Supplied data:
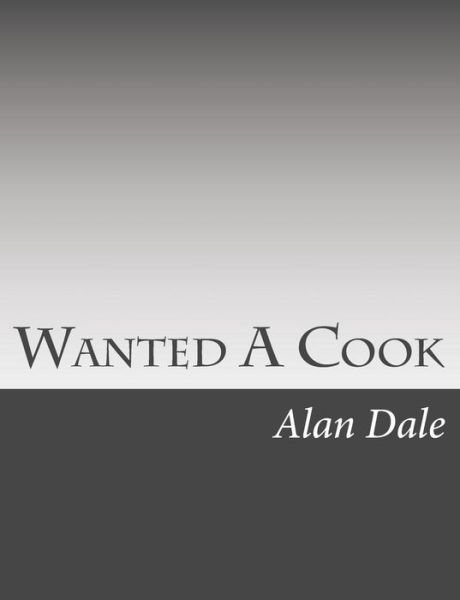 Cover for Alan Dale · Wanted A Cook (Paperback Book) (2017)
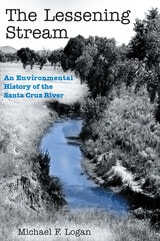 cover of The Lessening Stream: An Environmental History of the Santa Cruz River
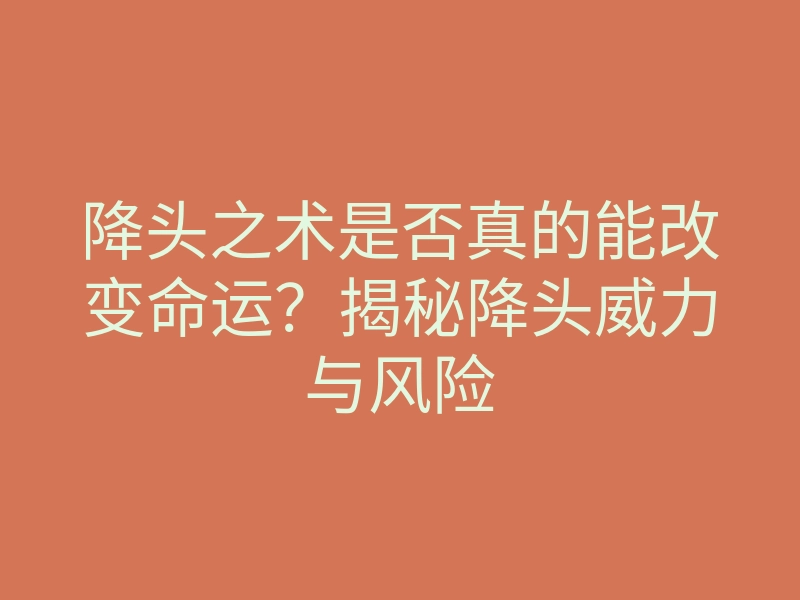 降头之术是否真的能改变命运?揭秘降头威力与风险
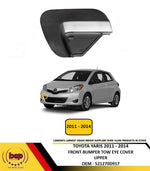 Load image into Gallery viewer, TOYOTA YARIS 2011 - 2014 FRONT BUMPER TOW EYE COVER UPPER NEW 521270D917
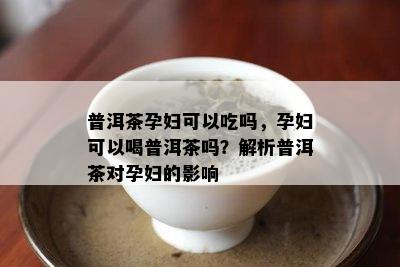 普洱茶孕妇可以吃吗，孕妇可以喝普洱茶吗？解析普洱茶对孕妇的影响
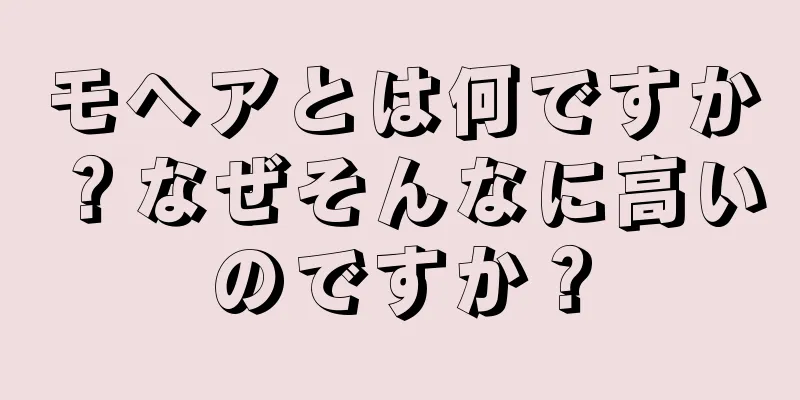 モヘアとは何ですか？なぜそんなに高いのですか？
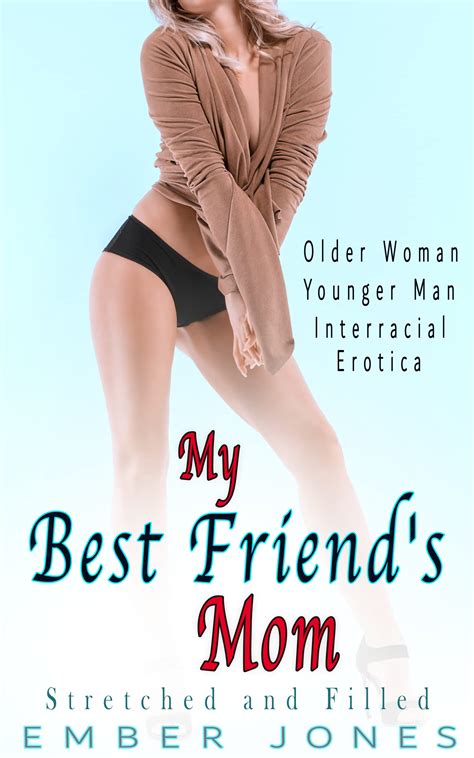 My Best Friend's Mom: Stretched and Filled. Older Woman Younger Man ...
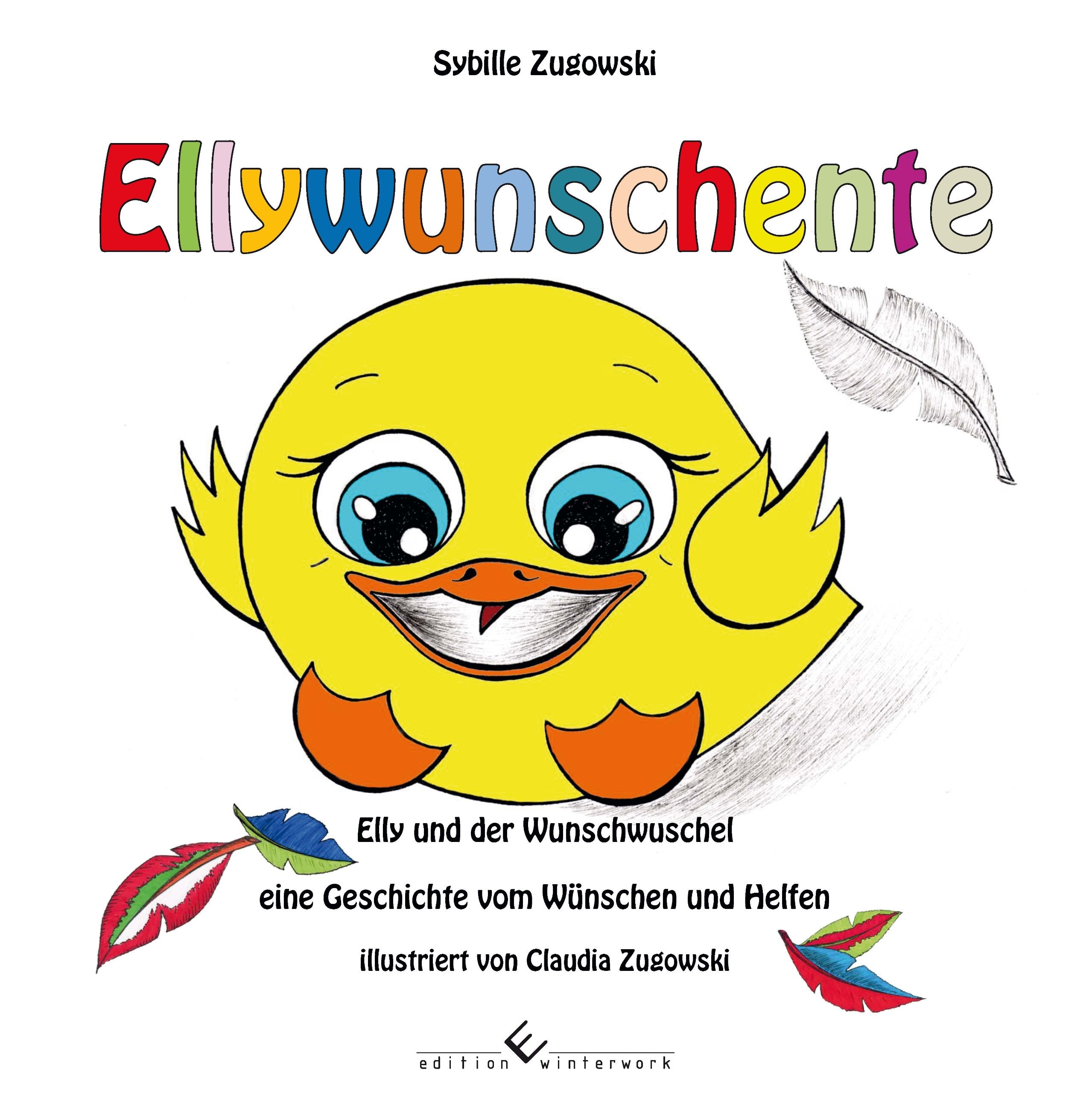 Ellywunschente: Elly und der Wunschwuschel eine Geschichte vom Wünschen und Helfen Novels & Short Stories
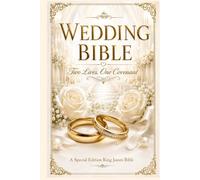 Wedding Bible: King James Version: Two Lives, One Covenant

To do: Copy the listing above exactly, but only from the line with "Load image into" through the line with "My Best Friend's", including those two lines and excluding any picture.

Finished task:
 Load image into Gallery viewer, TOYOTA YARIS 2011 - 2014 FRONT BUMPER TOW EYE COVER UPPER NEW 521270D917
 普洱茶孕妇可以吃吗，孕妇可以喝普洱茶吗？解析普洱茶对孕妇的影响
 モヘアとは何ですか？なぜそんなに高いのですか？
 My Best Friend's Mom: Stretched and Filled. Older Woman Younger Man ...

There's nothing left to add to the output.